**EXERCISE BRIEF:**
Print the data exactly as written, line for line, and leave its pictures behind.

╭─ INFORMATION PROVIDED

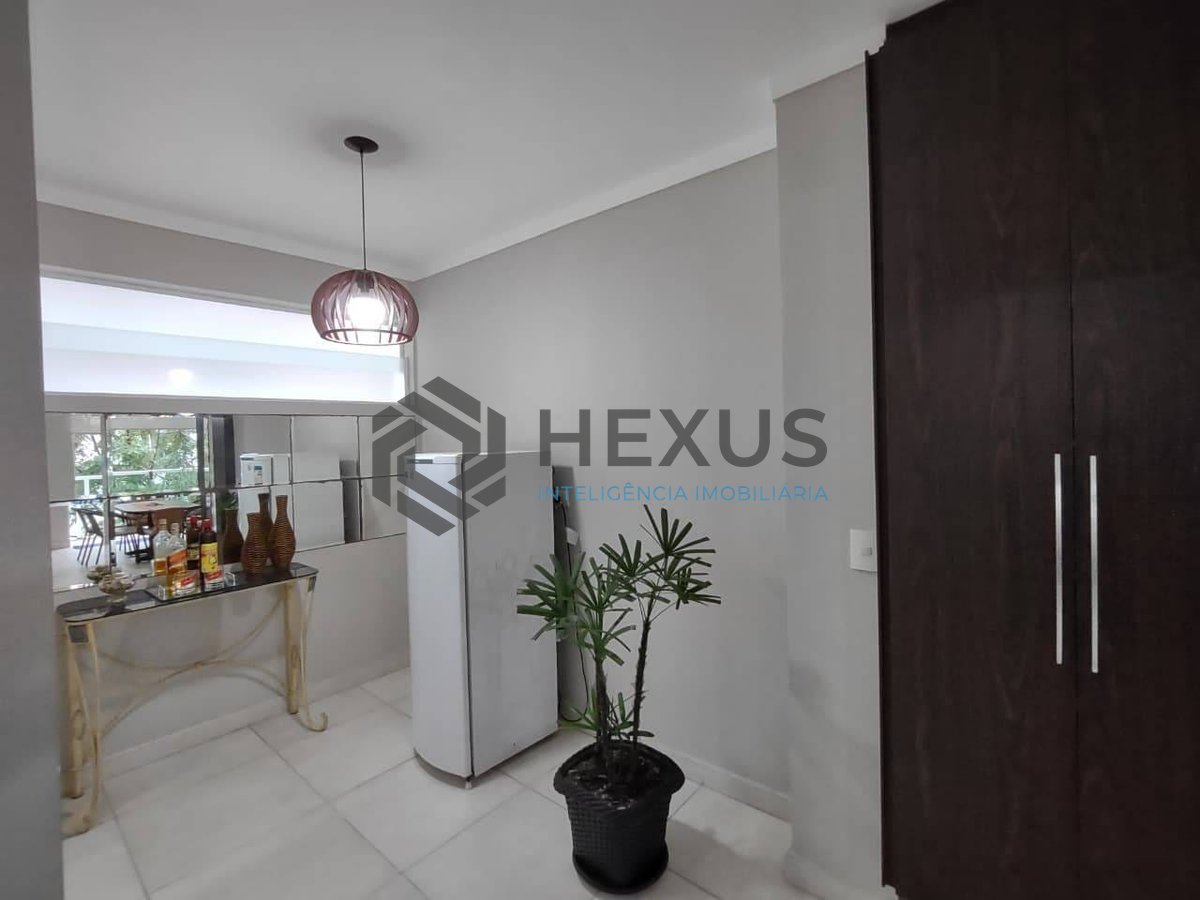 Foto 16 de Apartamento com varanda na região do Hotel Casa Grande na Praia da Enseada, Guaruja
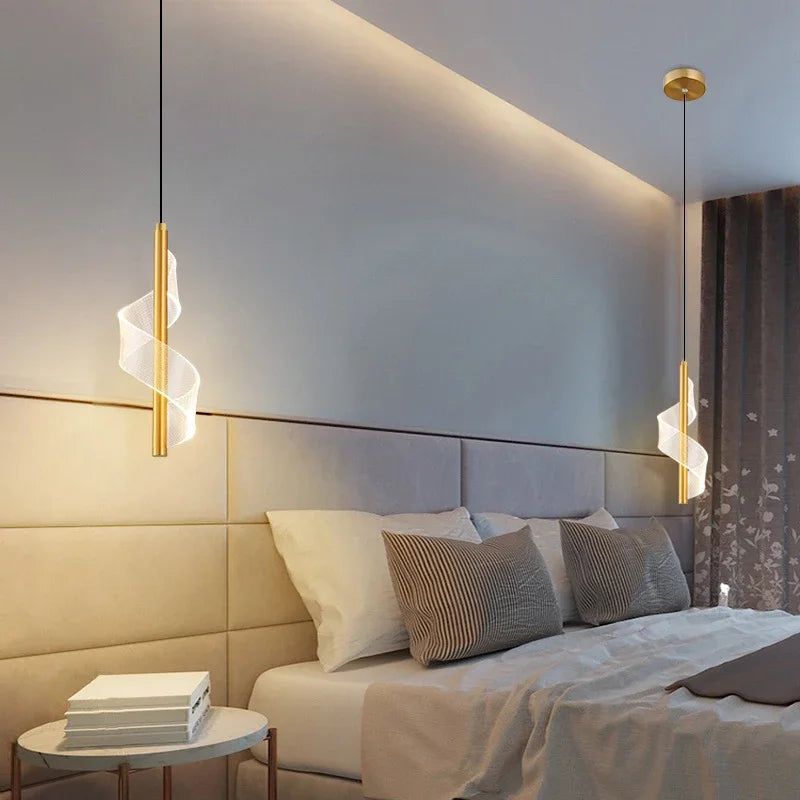 Chic Pendant Light - Gold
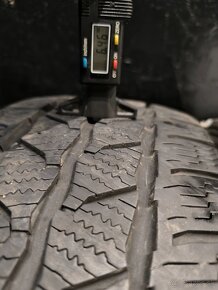 215/60 R17C Continental zimne pneumatiky - 6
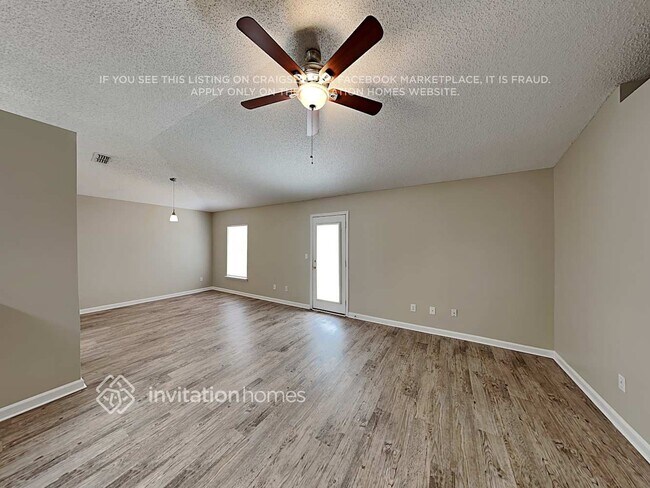 Foto del edificio - 4549 Cobblefield Cir E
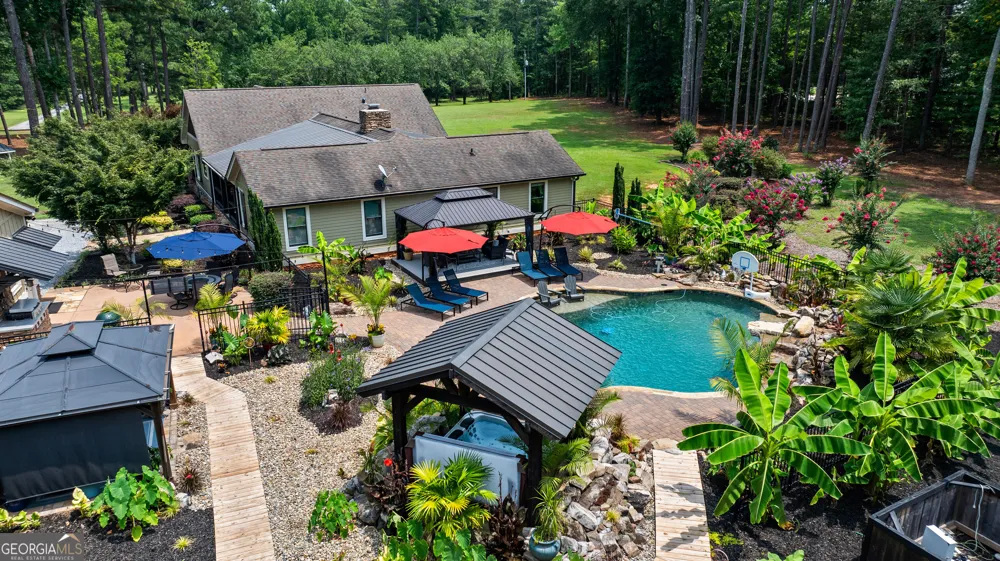 359 Trammell RD Moreland, GA 30259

╰─

**FINAL ANSWER:**
 Foto 16 de Apartamento com varanda na região do Hotel Casa Grande na Praia da Enseada, Guaruja
 Chic Pendant Light - Gold
 215/60 R17C Continental zimne pneumatiky - 6
 Foto del edificio - 4549 Cobblefield Cir E
 359 Trammell RD Moreland, GA 30259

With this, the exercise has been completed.